Individual Workload Results.
ccmm6 workload experienced lesser EDP improvement with MLM (16.5%) compared to DCP (19.6%), but the coMLM (22.5%) and JMLM (21.6%) were able to outperform DCP, while XCH (1.2%) provided low EDP improvement. DCP optimization using our LLC3 model exhibited lower mpki at LLC and 15% lower DRAM requests, resulting in 6.5% improvement in STP. MLM, coMLM, and JMLM exhibited 5%, 15%, and 12% lower DRAM requests, which enabled effective DVFS. XCH resulted in 20% higher DRAM requests than the baseline, which resulted in low average core frequency of 2.2GHz with 19% STP degradation.
xccc9 workload performed well with the DCP resulting in 12% reduction in DRAM requests. The DCP effectiveness helped the coMLM technique to perform effective DVFS and LLC partitioning resulting in 15% reduction in DRAM requests, outperforming MLM (9.5%), JMLM (13%), and XCH (10%). xxmm15 workload showed a degradation in EDP due to DCP (-1.7%). The DCP and all cooptimization techniques resulted in more than 1% additional DRAM requests. MLM (19%), coMLM (19.4%), and JMLM (22.6%) are still able to outperform the core-DVFS (12.6%) EDP improvement due to additional saving from uncore DVFS. The various MLM techniques operated the core and uncore between 2.4-2.6GHz. XCH operated the core and uncore at 2.8GHz and 3.1GHz resulting in 11% EDP savings.

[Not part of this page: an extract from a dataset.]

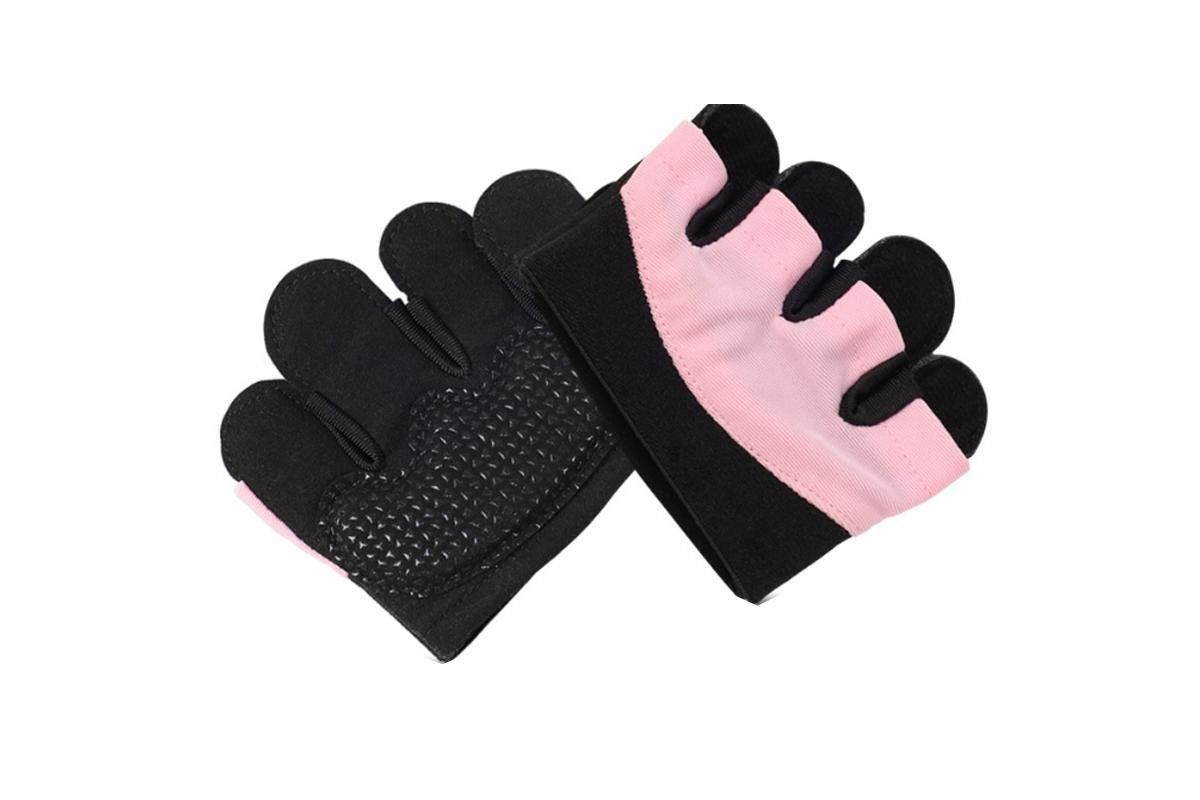 Breathable Workout Gloves Silicone Grip Half-Finger Gym Gloves for Weightlifting & Yoga - Pink & M - Image 2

xxcc19 was the only workload where XCH outperformed all proposed MLM techniques. XCH was effective in performing cache partitioning resulting in 15% reduction in DRAM requests compared to MLM (10%), coMLM (10%), JMLM (14%), and DCP (14%). This enabled all the cooptimization techniques to perform effective DVFS and still improve the STP. Since DCP only performed cache partitioning, it showed maximum STP improvement of 11.5% compared to 8.7% for XCH. Figure 8 compares the average system metrics for the various DVFS-Ctlrs explored in Section 5.2 on the 20 4-core workloads. The explored DVFS-Ctlr uses the TPI-based state model with three actions as discussed in Section 5.2 with reward functions as epi, ed 2 p, and edp. The DVFS-Ctlr motivation is different for the three DVFS models, and this impacts the evaluation metrics. The agent with epi as the reward function would be motivated to perform the DVFS with the least importance to performance, while the edp and the ed 2 p reward models are expected to optimize for energy with varying emphasis on performance. The epi, ed 2 p, and edp motivated models resulted in 7.7% (5.6%), 8.3% (5.0%), and 9.0% (5.4%) EDP (STP) improvements (degradation), respectively. This is in line with the expectations and the edp motivated model outperforms other models on the EDP metric. The epi motivated model resulted in more STP degradation. Since the co-optimization proposals are intended to optimize the system EDP, we have extended the edp motivated model to include the branch misprediction (Section 5.2.1). As shown in Figure 8 , the extended DVFS-Ctlr labeled as edp bmp outperforms the other three DVFS-Ctlrs by exhibiting 10.2% EDP improvement with 4.7% STP and Fairness degradation.
Core DVFS Exploration Results.
The proposed DVFS-Ctlrs are compared with the PARC (Juan and Marculescu 2012) technique as shown in Figure 8 . The PARC model is an RL model motivated for EDP to perform a fair comparison with our proposal. Our proposed EDP motivated models edp and edp bmp outperform PARC in all the three evaluation metrics.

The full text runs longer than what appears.